Important Trade-off: Statement mode breaks multi-statement transactions. If you do multiple SQL operations and expect them to rollback together, statement mode breaks that because each statement might use a different connection.
# ❌ This doesn't work reliably with statement mode
session.add(ProcessLog(...))
session.flush() # Connection returned to pool
external_api_call() # No connection held here
session.add(ProcessResult(...))
session.commit() # Might use a DIFFERENT connection
Restructuring for Long-Running AI Operations
Implementing pooling is necessary, but you must also restructure how your code acquires connections. The one-session-per-endpoint pattern is the real bottleneck.

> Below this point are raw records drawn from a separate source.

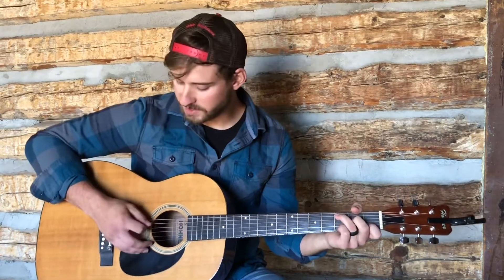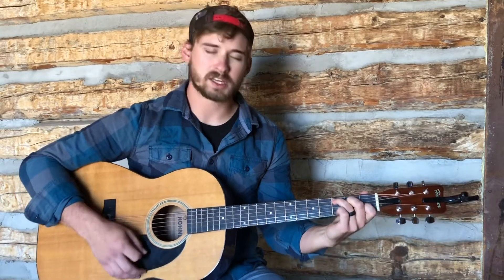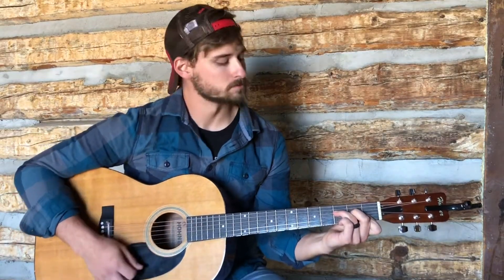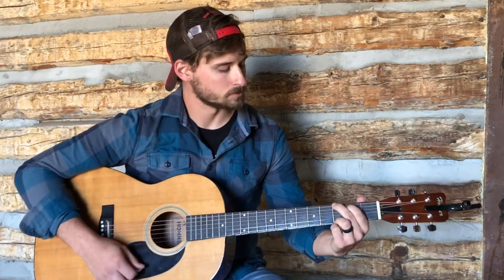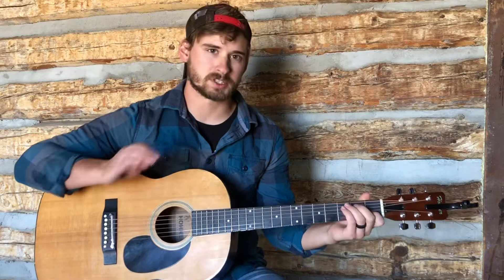Jumping right into the song — this is in the key of C. The first chord we're going to use, obviously, our root is going to be C, and then F, and then G, and then A minor. So we're going to use those four chords, and then I'm going to use a couple of different variations of them.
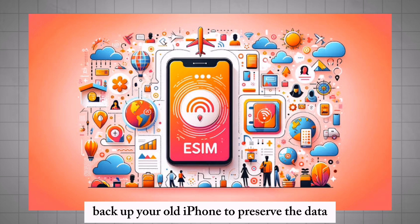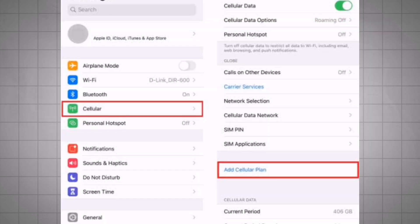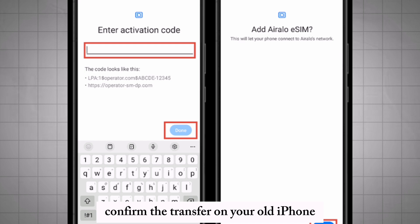Backup your old iPhone to preserve your data before initiating the transfer. On the new iPhone, go to Settings, then Mobile, then Add Mobile Plan, and confirm the transfer on your old iPhone.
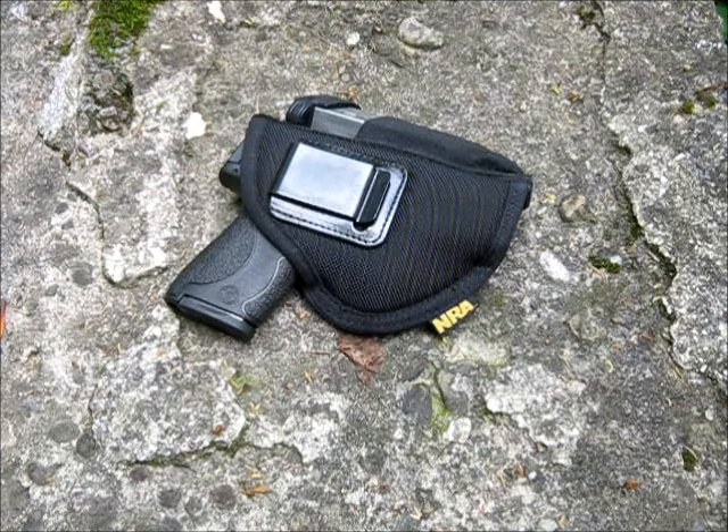It's got the M&P Shield in it. It is loaded — I just took it off my belt, so this is exactly how I carry it. It has a clip on here. The reason I chose this particular holster is because it's pretty inexpensive — $25 is hard to beat, a few bucks for shipping. Plus, because it's the NRA store, the profit goes to the NRA ILA and helps support their fight for our freedom and liberty.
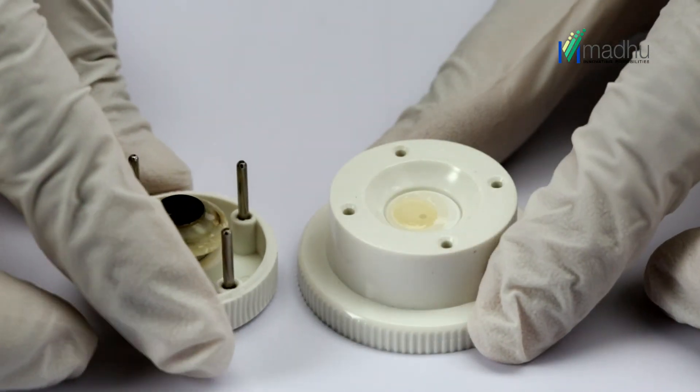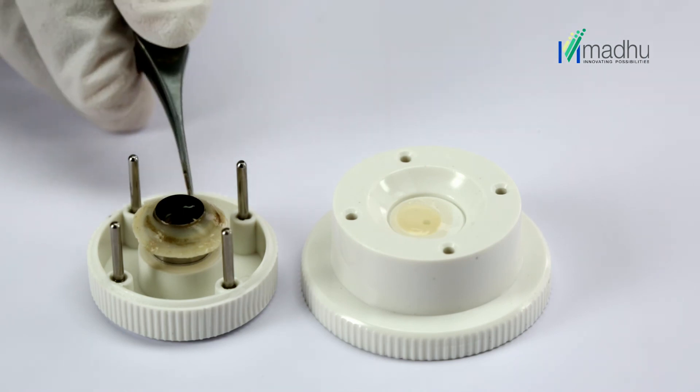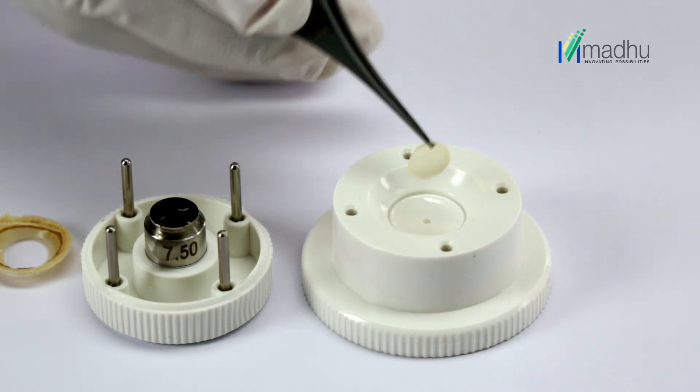With one hand, pull the trephine blade housing upward with the other to remove it. Grasp the scleral rim with a fine-toothed forceps and remove the rim. A donor corneal button of the desired diameter is now ready for use.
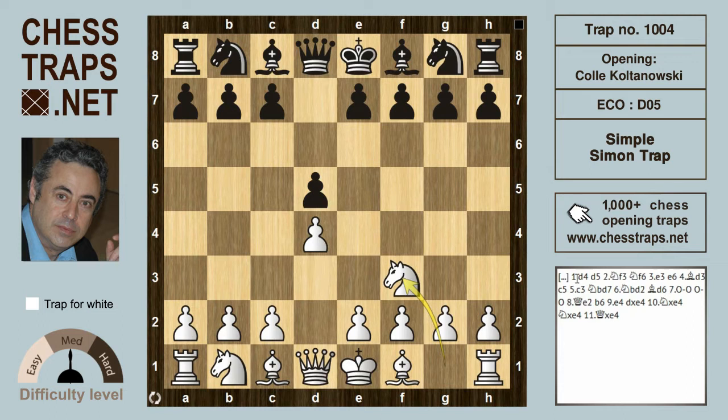After d4 and d5, white plays knight f3, black knight f6, and white develops slowly with e3. This is a characteristic move of the Colle. The idea behind it is that after white has developed his pieces very slowly, he will eventually get a timely e4 pawn push, which will explode like a released spring.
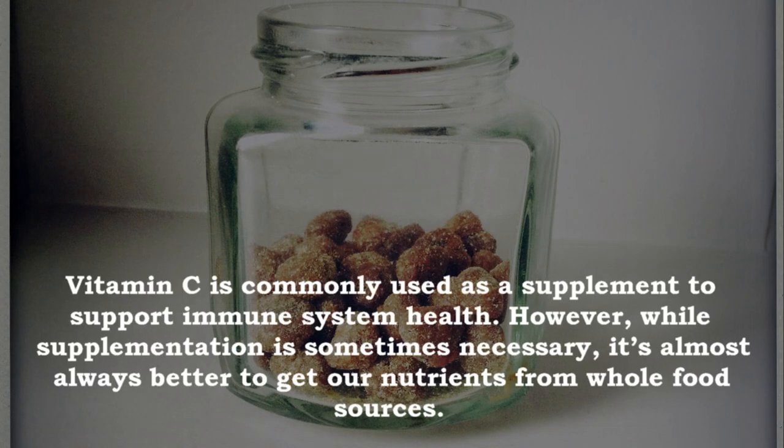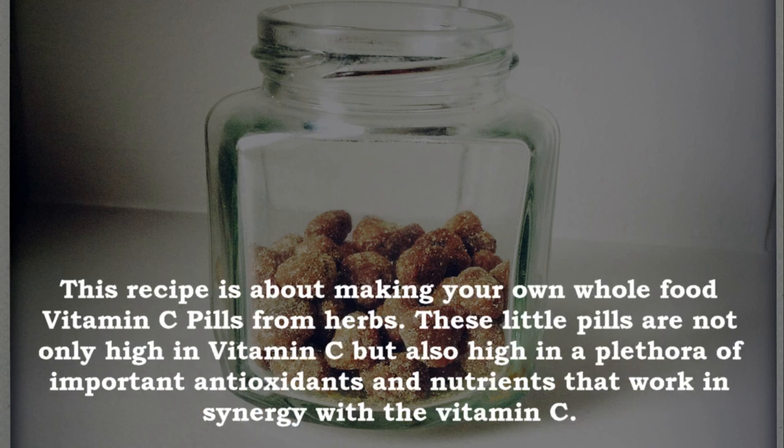Vitamin C is commonly used as a supplement to support immune system health. However, while supplementation is sometimes necessary, it's almost always better to get our nutrients from whole food sources. This recipe is about making your own whole food vitamin C pills from herbs.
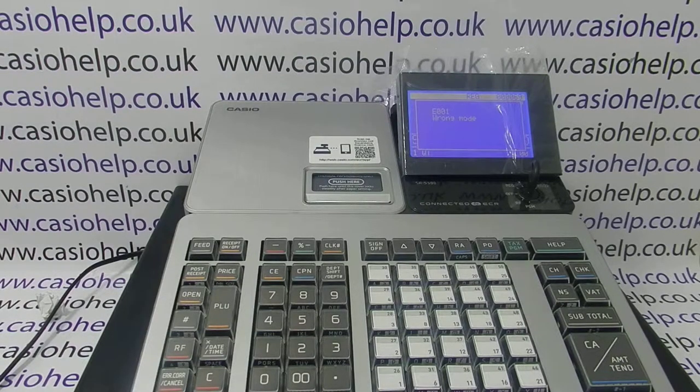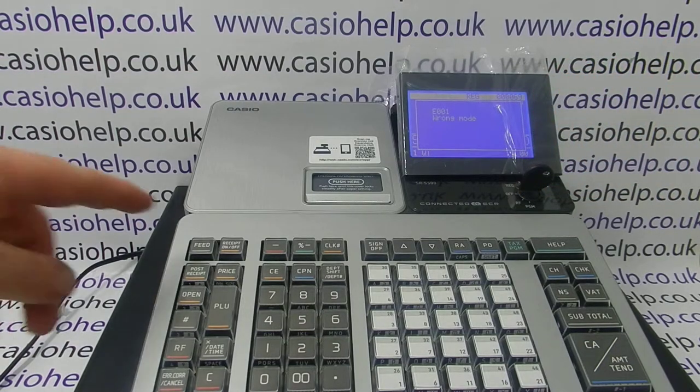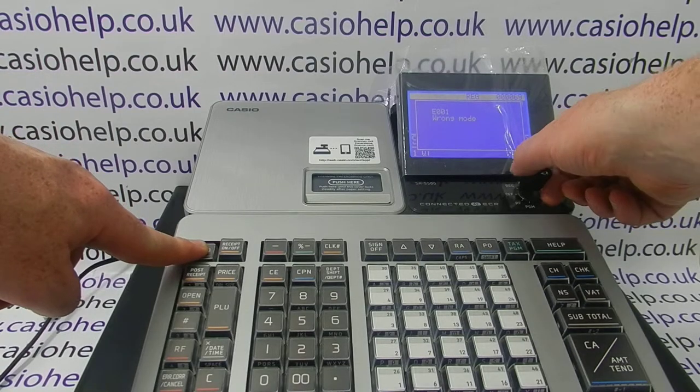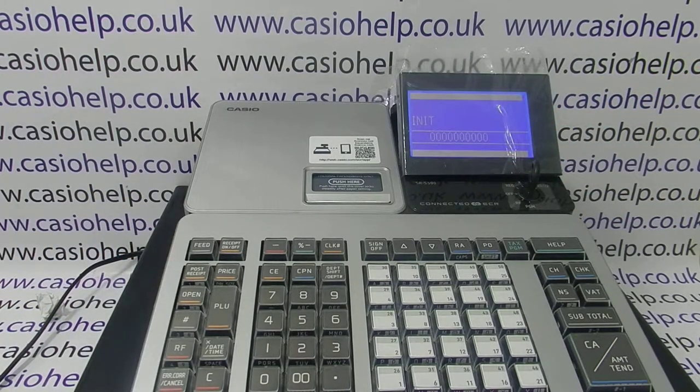To do this, turn the key to off, press and hold down the feed button, then turn the key to PGM and release the feed button. The machine will go off temporarily, and when it comes back on, press subtotal and the machine will perform the initial clear.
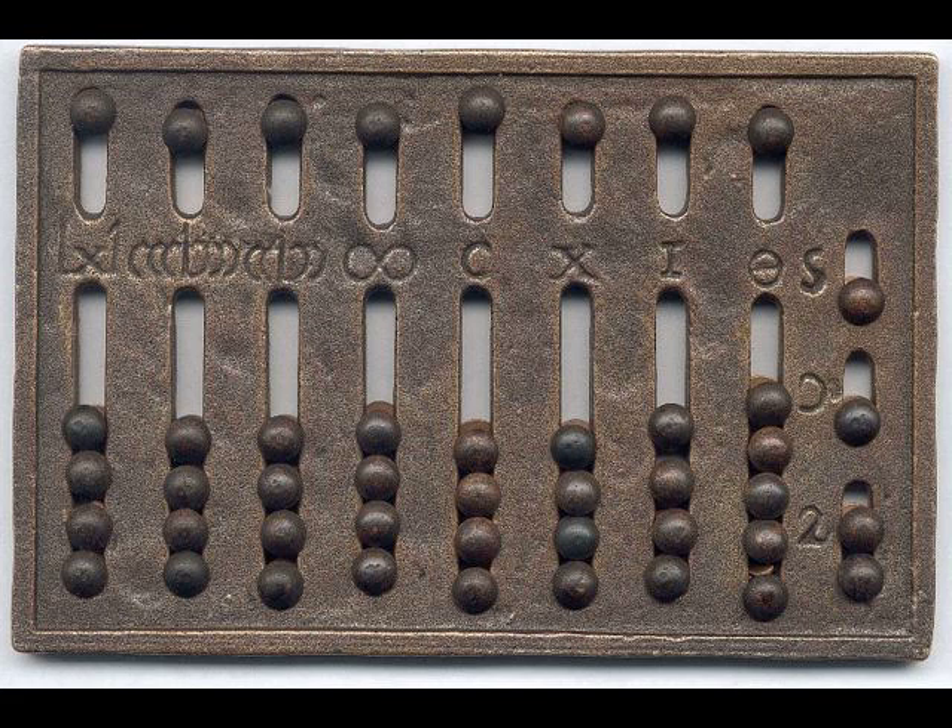Except, of course, the last two slots on the right, both of which are base twelve fractions. The first one is one twelfth and the second is one one-hundred-and-forty-fourth. But the configuration of those two fractional slots is different, and the question is: why?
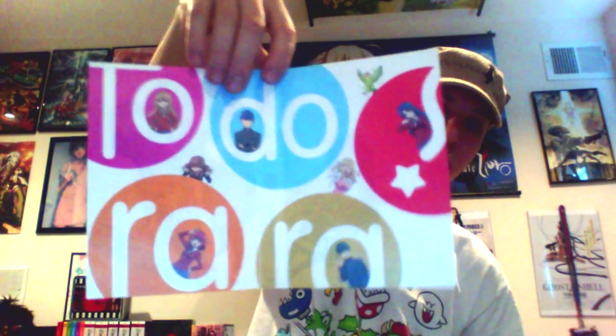Inside artwork is like Toradora symbols with the characters hanging out around them. Pretty interesting.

Solution: Acquire Connections Only When Needed
@app.post("/agentic-rag")
async def agentic_rag(query: str):
# 1. AI operations with NO database access
context = await retrieve_rag_context(query) # 10s
response = await llm.generate(query, context) # 20s
# 2. Now we need the DB—get, use, and release it immediately
session = Session()
try:
session.add(ChatLog(query=query, response=response))
session.commit()
finally:
session.close()
return {"response": response}
Practical Implementation: PgBouncer + Null Pooling
Step 1: Deploy PgBouncer
Install on a dedicated server or container:
docker run -d \
-v /path/to/pgbouncer.ini:/etc/pgbouncer/pgbouncer.ini \
-p 6432:6432 \
pgbouncer:latest
Step 2: Configure for Statement Mode
Critical settings in pgbouncer.ini:
pool_mode = statement
max_client_conn = 2000
default_pool_size = 20
pool_pre_ping = true
Step 3: Remove Application-Level Pooling
Use NullPool in SQLAlchemy to let PgBouncer handle everything:
engine = create_engine(
os.getenv("DATABASE_URL"), # Points to PgBouncer
poolclass=NullPool
)
Monitoring and Debugging
Monitoring PgBouncer
Connect to the admin console:
psql -h pgbouncer.internal -p 6432 -U pgbouncer -d pgbouncer
# Useful commands:
show pools; # See pool status
show clients; # Connected clients
show stats; # Performance statistics
Common Issues
| Issue | Symptoms | Solution |
|---|---|---|
| Pool Exhaustion | "no more connections available" | Increase max_client_conn, audit session scope. |
| Stale Connections | "connection lost" errors | Enable pool_pre_ping=True. |
| Connection Leaks | Pool slowly fills up | Ensure try/finally with session.close(). |
Expected Performance Improvements
Scaling from 50 to 1,500 concurrent requests:

| Metric | Before | After | Improvement |
|---|---|---|---|
| Max Concurrency | ~50 | ~1,500 | 30x |
| RAM Usage (DB) | 3.5GB | 400MB | ~9x reduction |
| P95 Latency @ 50 | 450ms | 95ms | 4.7x faster |
| DB Connections | 250+ | 20-25 | 10x fewer |
Conclusion
We went from 50 concurrent requests to 1,500 by realizing that application-level pooling is fundamentally incompatible with long-running AI requests. By moving pooling to PgBouncer and adopting statement-level pooling, we served more users with fewer resources.
If you're hitting database bottlenecks in your AI app, stop tuning your app-level pool. Deploy PgBouncer, switch to statement mode, and keep your transactions tight. The jump in scale is worth the effort.